Il primo errore è dunque tenere i bimbi fermi con gli occhi fissi su un gioco elettronico, sullo schermo TV o sul computer, dove ricevono continui e forti stimoli emotivi, ma senza la possibilità di esprimerli nel movimento. Col risultato che l’eccesso di emozioni inespresse intossica il cervello. E’ molto meglio incoraggiarli a giochi reali, dalla palla alla corda, all’antico gioco a nascondino, che con i piccoli si può fare anche in casa. Appena possibile, incoraggiarli a fare sport, meglio se di gruppo. Senza ambizioni immediatamente agonistiche, solo per soddisfare il narcisismo dei genitori, ma per il puro piacere di abitare un corpo contento di correre, giocare, sudare e sentirsi vivo.
I bambini che fanno sport e che hanno famiglie serene vanno anche molto meglio a scuola: perché sono in equilibrio tra corpo e mente, perché vivono ogni giorno in un corpo che si entusiasma, si accende e si tonifica, che si esalta ad imparare e migliorare, che nel mettersi alla prova si stanca e recupera poi in un buon sonno, come è giusto che sia.

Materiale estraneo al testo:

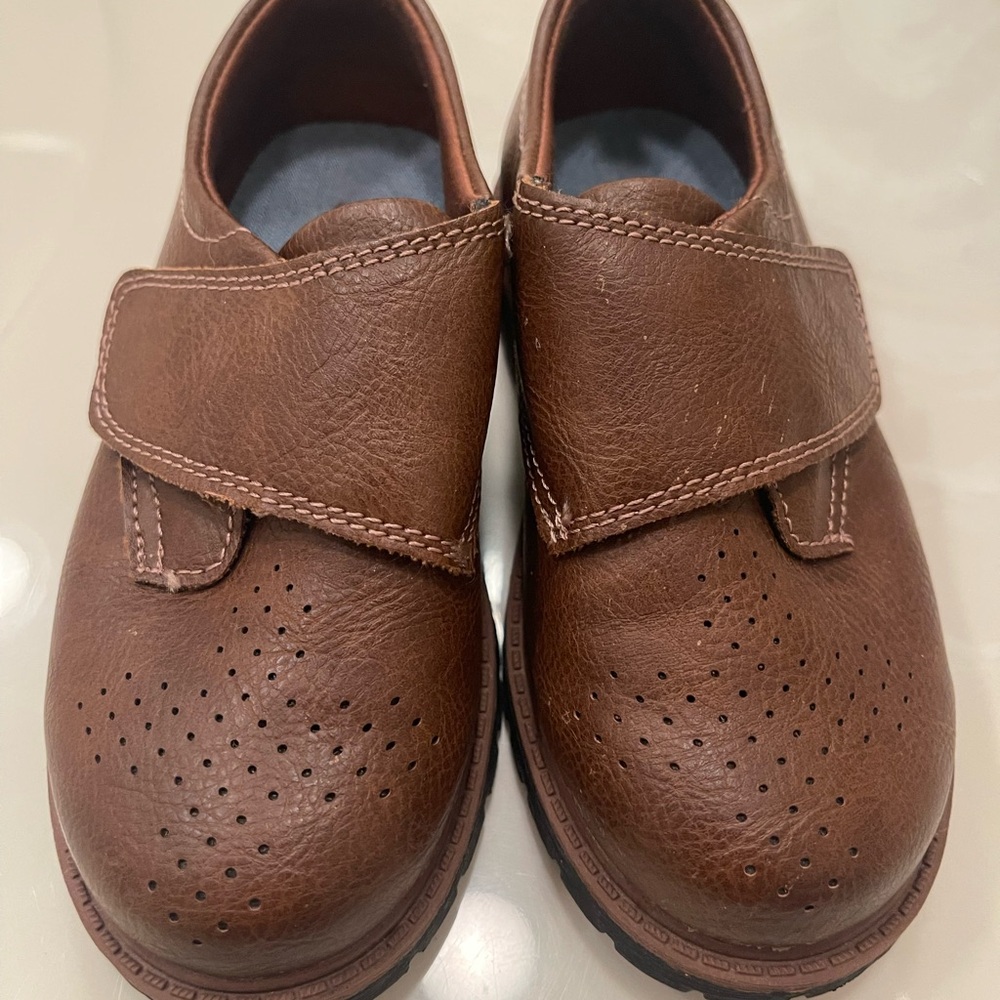 Carter’s Brown Dress Shoes size 11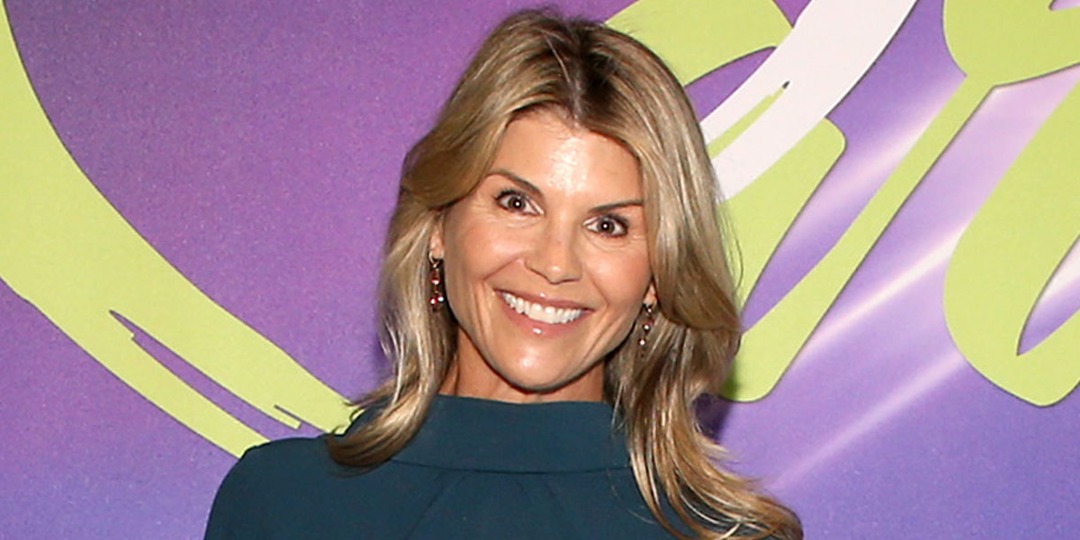 Lori Loughlin Makes First Red Carpet Appearance Since College Admissions Scandal - E! Online.jpg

Nel gioco attivo e nello sport il bambino allena così molte forme di intelligenza, utili per sentirsi vivi e gustare più a fondo la vita. Ottima palestra, anche, per imparare a mettersi alla prova e superare i propri limiti, di volta in volta più complessi. «L’io è innanzitutto un Io corporeo» diceva Freud, molto a ragione. Intelligenza motoria da allenare, dunque, insieme all’intelligenza emotiva e all’intelligenza tattica e strategica: tre strumenti cardinali per imparare a stare bene con se stessi e con gli altri e per riuscire poi nella vita, affettiva e professionale.
Per i bimbi che mostrano sensibilità musicale, benissimo il canto, il ballo o suonare uno strumento. Opportunità di esperienza di sé e del mondo davvero preziosa, ma poco sperimentata in Italia. All’opposto, per esempio, del Venezuela, dove la musica ha mostrato il suo straordinario potere di dare le ali a migliaia di bambine e bambini, togliendoli da contesti di degrado e di potenziale abuso.

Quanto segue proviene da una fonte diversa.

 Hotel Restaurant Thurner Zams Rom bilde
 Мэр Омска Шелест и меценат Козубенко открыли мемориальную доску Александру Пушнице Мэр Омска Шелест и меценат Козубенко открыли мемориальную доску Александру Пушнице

Musica e movimento sono potenti antidepressivi naturali, l’antidoto più fisiologico a quella inquieta inerzia che è il primo passo verso una depressione franca. E benissimo trovare ogni giorno il tempo per giocare con i propri figli, e conversare con loro. Solo con un dialogo costante, aperto e affettuoso, è possibile trasmettere ai figli il senso della vita, assaporato attraverso l’affetto e l’amore. Ed è importante, ogni giorno, far ripetere a voce alta almeno alcune lezioni, concentrandosi su di loro, senza fare altro.
Sì, ci vuole tempo. Un tempo dedicato e affettuoso, che dimostra attenzione, passione, senso delle priorità. Ma che senso ha, altrimenti, avere un figlio per poi parcheggiarlo tutto il giorno tra baby-sitter, scuola e, se si è fortunati, due nonni? Il tempo dedicato è il fondamento di un dialogo di qualità, il più potente antidoto della perniciosa “sindrome del marziano in casa”: questo sconosciuto chiamato figlio, che ci inquieta, non ci ascolta e non comprendiamo più. Solo e annoiato, in cerca di occasionali sensazioni forti, per sentirsi vivo, e pronto a buttarsi via, perché non ha conosciuto la bellezza appassionante della vita vissuta con testa, corpo e cuore.